Q. I have a new 2013 Toyota Prius, which recharges the battery when braking. I was wondering if it has been studied whether the battery charges differently when braking lightly for the whole stopping distance, as compared to coasting for a while, and then braking harder for a shorter distance?
A. It is coasting and light braking that help recharge the battery. In all cases, decelerate at a slow and steady pace. Applying pressure on the pedal increases the deceleration rate, which can cause the actual service brakes to be applied too early. The service brake is certainly necessary to stop the car, but hybrid or not braking wastes energy. In a conventional car, the old adage of easy on the gas and brake to maximize fuel economy works just as well with hybrids.
Q. Recently when I use my air conditioning my car starts staggering/chugging pretty badly. Any thoughts as to what this might be? It’s a well cared for 2000 Neon; it was my grandmother’s car and it only has 80,000 miles. Other than this the car doesn’t have any others problems.
A. The air conditioner puts additional load on the engine. If the engine is starting to misfire this additional load may be exacerbating the condition. To find the problem a technician will test both the ignition system and fuel system. A worn spark plug or faulty fuel injector could be the problem.
Q. I am considering a Lexus hybrid; I like the GS hybrid model over the ES (too much of a Camry) or CT (overpriced Prius) models. I have been checking and the GS hybrid looks like it will cost $10,000 more than the GS350. Is the GS 450h worth the extra money?
A. I have driven both cars and the GS 450h handles and rides well, in fact better than I expected. The fuel economy is very good with the GS450h returning 35 miles per gallon during my time with the car. If you are looking to just save money on fuel the GS hybrid is not worth the money. It would likely take six year to pay off the additional cost of the hybrid. On the other hand if you are tech junky that looks for the latest products, want better than average performance and fuel economy to boot the GS450h is well worth the money.

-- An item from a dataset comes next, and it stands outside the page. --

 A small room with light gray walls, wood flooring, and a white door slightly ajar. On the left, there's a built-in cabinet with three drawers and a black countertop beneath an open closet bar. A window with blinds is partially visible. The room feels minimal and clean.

Q. I own a 2005 Nissan Maxima and my catalytic convertor is glowing red hot after about 10 minutes of driving. My SES light is on, after a lot of research on line it seems that the oxygen sensor may be an underlying cause. Do I need to replace all three catalytic converters? How do I find out which oxygen sensor is bad? I’m trying to keep costs down and don’t want to buy any unnecessary parts. I was told by a mechanic I only needed to replace the front catalytic convertor. This car only has 68,000 miles and I don’t drive much. What should I do?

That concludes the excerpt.